Not true. More commodities are dug up every day/week/month/year. Even for gold, 2/3 of all gold mined by humanity has been mined after circa 1950. Also, the commodity based money system specified at the time of the founding of the USA was Bimetalism: either silver or gold, which ever is slightly less expensive than the 1:16 ratio. Silver being usually a biproduct of industrial mining other metals such as zinc, lead and tin, the slight laxity between Bimetalism and industrial mining biproduct give plenty room for monetary expansion at pace approximating industrial output, while not giving anyone the power to manipulate money supply at the stroke of a pen (or a push of a button) after the masses and banksters have already placed their bet on inflation expectations (remember, it's the difference between previous expectation vs. subsequent reality that is at the root of extra profit and bankruptcies/foreclosures). What we have right now is like: after you buy a stock and the dealer short it to you then the dealer appoints a committee to decide what the price of the stock should be; and vice versa after you short a stock and the dealer buys it to squeeze you. In gambling analogy would be a loaded dice instead of a fair dice.
47   Misc   2023 Mar 28, 7:16am  

The amount of gold mined would not come close to the amount that would need to be "saved"..

Could you imagine what the deflationary effect would be if there was a modest 5% savings rate? Then factor in population growth??

Then there is the fallacy of being able to charge interest on a commodity based system.

Nope, fiat is far superior.
48   Tenpoundbass   2023 Mar 28, 7:25am  

Misc is right, nobody thinks about the logistical math involved with a Gold based economy.
You would be paid in company script like I have said. And only the business owners and producers would actually be paid in Gold.
49   Reality   2023 Mar 28, 7:38am  

Misc says


The amount of gold mined would not come close to the amount that would need to be "saved"..

Could you imagine what the deflationary effect would be if there was a modest 5% savings rate? Then factor in population growth??



You are engaging in strawman-tactic. The money defined at the time of the founding of the USA till 1873 was Bimetalism, not gold-only standard.


Then there is the fallacy of being able to charge interest on a commodity based system.


Why can't one charge interest for loans made to the opening of a silver mine or a gold mine? Literally more monetary metal would be produced after purchasing mining equipment and chemicals then putting them to use. By extension all the suppliers of food and energy to the mine operators can advance payments and collect interest; then likewise the secondary and tertiary suppliers to them. What will end is interest-bearing on-demand bank account, because interest-bearing on-demand bank account is a fraud!
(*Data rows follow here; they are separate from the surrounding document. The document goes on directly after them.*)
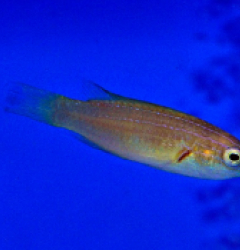 Cirrhilabrus brunneus (female)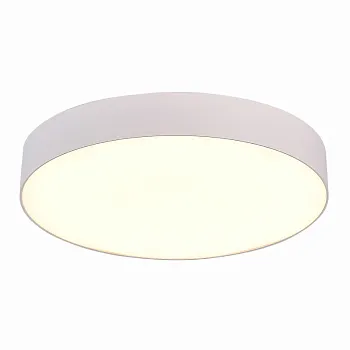 Накладной светильник ST-Luce ST606.532.48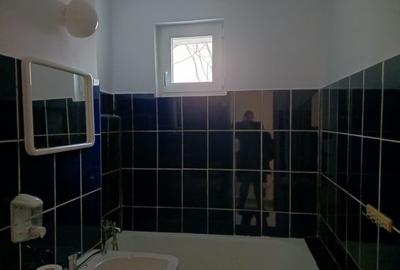 Apartament cu 3 camere semidecomandat în Nicolae Grigorescu - 3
Just like a Ponzi Scam is a fraud: the operator is promising the mathematically impossible!


Nope, fiat is far superior.


Superior only for the fraudsters, at the expense of everyone else.
50   Reality   2023 Mar 28, 7:43am  

Tenpoundbass says


Misc is right, nobody thinks about the logistical math involved with a Gold based economy.
You would be paid in company script like I have said. And only the business owners and producers would actually be paid in Gold.
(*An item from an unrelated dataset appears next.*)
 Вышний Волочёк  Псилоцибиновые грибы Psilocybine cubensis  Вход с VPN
Strawman tactic. Gold-only standard is simply a prelude to gold-certificate standard (as you described) then fraud-stanard and fiat-money. That's why the monetary standard advocated by the Founding Fathers and responsible for the prosperity in the first nearly a century of the USA was Bimetalism, before the Civil War and "the theft of 1873" ushered in massive booms and busts, and the "American Empire" to impoverish Americans while enriching international banksters that have no loyalty to any country or community. Robbing the Helvetics and Gauls did not enrich Romans in the long run, but only brought the down fall of the Roman Republic; likewise, robbing food from Egypt at cheap prices did not enrich the Romans but bankrupted the Roman farmers and made them into dependents on the state and easily manipulated by the Emperor and his cronies (who then often killed the Emperors to become Emperors themselves).
51   Misc   2023 Mar 28, 7:50am  

Charging interest on a commodity based system doesn't work. I will let you do the math for a single ounce of gold compounded at a 3% interest rate for say 2000 years.

There is a reason that all the Great religious books forbid charging interest.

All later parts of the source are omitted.